Spaceship a 2 de Setembro de 2011 às 19:06
Por amor da santa! Esta conversa da formacao nao vai a lado nenhum!
O ultimo clube a apostar forte na formacao foi o sporting e isso destruiu o clube e fez com que deixasse de discutir campeonatos com benfica e porto para passar a lutar com braga, guimaraes, nacional...
Olhando para a fantastica geracao coragem, algum de voces via algum daqueles jogadores a titulares no porto ou no benfica? Nao! Ha espaco no plantel para um ou dois, mas os outros so tem espaco em beira-mar, setubal, pacos, rio ave...
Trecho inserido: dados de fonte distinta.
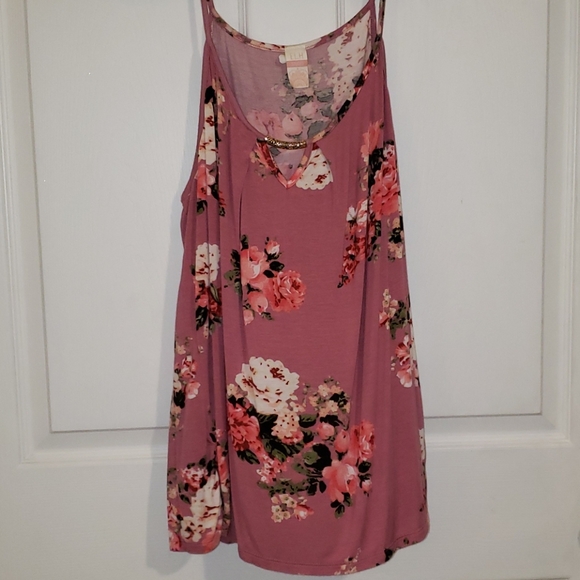 Flowy Floral Tank - Picture 1 of 1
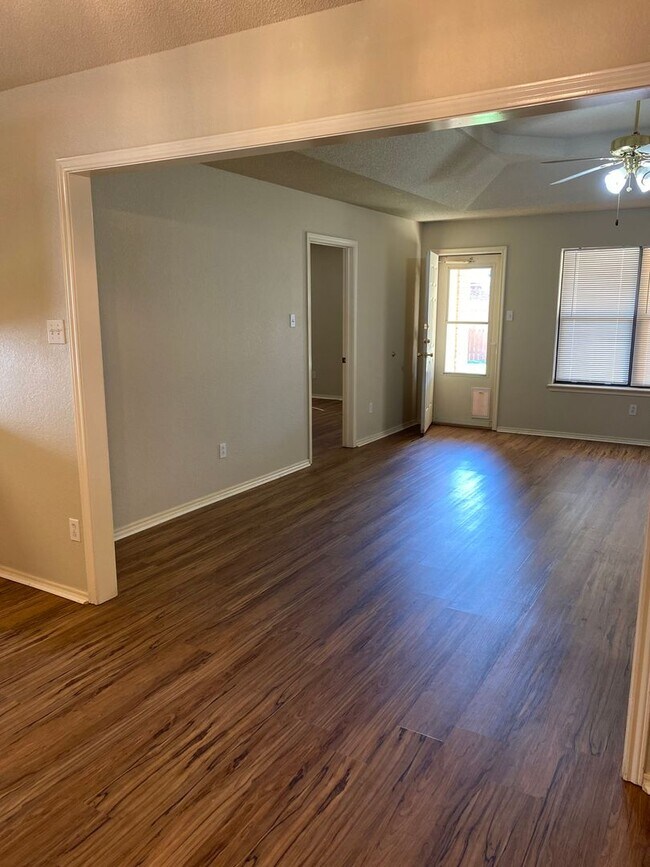 Building Photo - Spacious 3/2/2 in great location.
Anti facciosos! a 2 de Setembro de 2011 às 10:30
O FCP foi campeão europeu em 2004 com Vítor Baía, Jorge Costa, Ricardo Carvalho (formados no FCP), P. Ferreira, N. Valente, Costinha, Maniche e Pedro Mendes a titulares, ou seja, 8 em 11 (mais o Nuno, Bruno Vale, Secretário, P. Emanuel, Ricardo Costa, Mário Silva, Tiago, Ricardo Fernandes).
É possível conseguir grandes resultados, com equipas predominantemente compostas por portugueses.
Não têm que ser jogadores acabados de sair da formação, como fez o sporting durante anos...primeiro, têm que rodar (o CROMO do R. Carvalho, antes de se afirmar no FCP, passou pelo Leça, Alverca e setúbal).
Acho que nas camadas jovens, cada equipa não deveria poder ter mais do que 2 estrangeiros no plantel.
Joca a 8 de Setembro de 2011 às 20:50
Joca, nem é a questão dos estrangeiros nas camadas jovens, umas vez que nem esses são aproveitados.. é mesmo o investir-se nessas camadas jovens sem qualquer retorno!